Another thing, let's take a look at the people exempt from this deduction. First of all; the military. Now why on earth would the military be exempt? As a reward for their heroic acts towards keeping Bahrain free from hostile take-over (speaking of which, when was the last time the Bahraini army participated in a war?) What makes them different from any other employees (besides the fact that a large percentage of them aren't of Bahraini nationality?).

Second group of exempt people; ministers. Wow. Why would the ministers be exempt? After hearing the passion in the speech that the Minister of the Dept of Labour gave a few days ago, and how strongly he was arguing in favor of the deduction, you would believe that he would eagerly increase his contribution just because of how strongly he believed in the cause. So to turn around and say that ministers are exempt.. Hmm.. There's something fishy going on here.
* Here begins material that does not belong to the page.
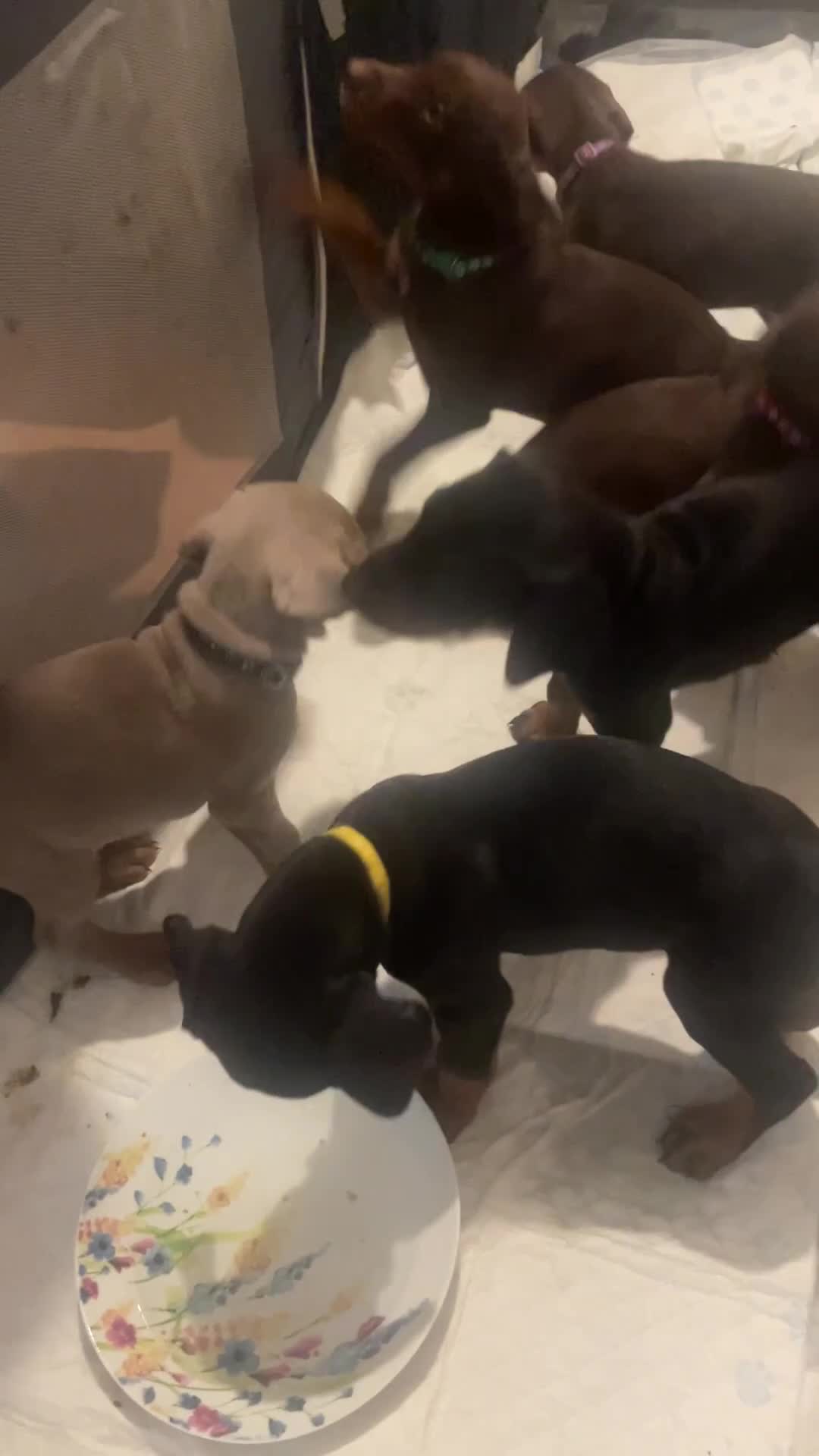 Dobermann dogs for sale: dobermann pinscher - Video 1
Third group of people who are exempt from paying the 1%, our beloved council of representatives, our parliment, the people who actually came out with this decision. It all makes total sense now.

What is also amusing about this is the events that have actually led to this. A few months ago, inflationary measured caused a rise in prices of a number of day-to-day items. The people retaliated by requesting higher salaries in order to overcome the inflation. The government/parliment or whatever side comes out with these bodiless comments states that they will ensure that salaries are increased. A few months later, their GOSI deductions are increased by 1%. A while later, another 1% deduction is introduced to combat unemployment. I don't know whether to laugh or cry.
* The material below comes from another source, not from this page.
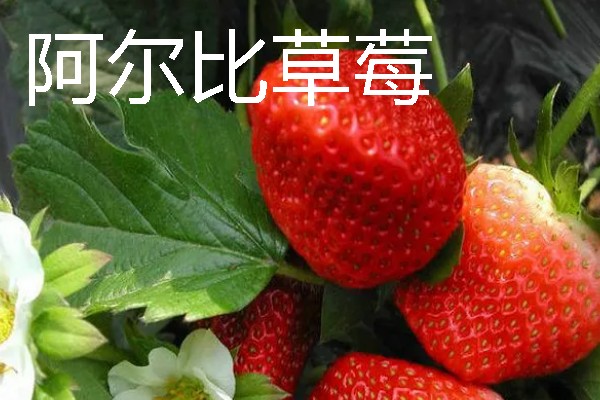 什么品种的草莓又甜最大，推荐章姬草莓、丰香草莓等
I personally have no problem with 1% being taken out of my salary to help the unemployed. I don't mind having 5% taken out of my salary to help the unemployed and the poor. I don't even mind 20% instead of the current 6% GOSI being deducted from my salary if it really is going to contribute back to me when I retire and help me lead a semi-comfortable life. But with the amount of trust I have into where my money is going, I would rather keep my money, and throw it into a saving account or some sort of investment, because that would generate a real return for me. I don't know whether my GOSI deductions are being used to generate returns in low yield investments, high risky ones, or whether they've already been lost. I don't know whether my GOSI deductions are even being used by someone to buy a new car, or build a huge mansion for someone. With the amount of trust I have into where my money is going, I don't think i'm comfortable with having more than 0% taken out of my account. Leave my money alone!

1 comment:

Cradle of Humanity said...

Thanks for the post, very well said and couldn't agree more!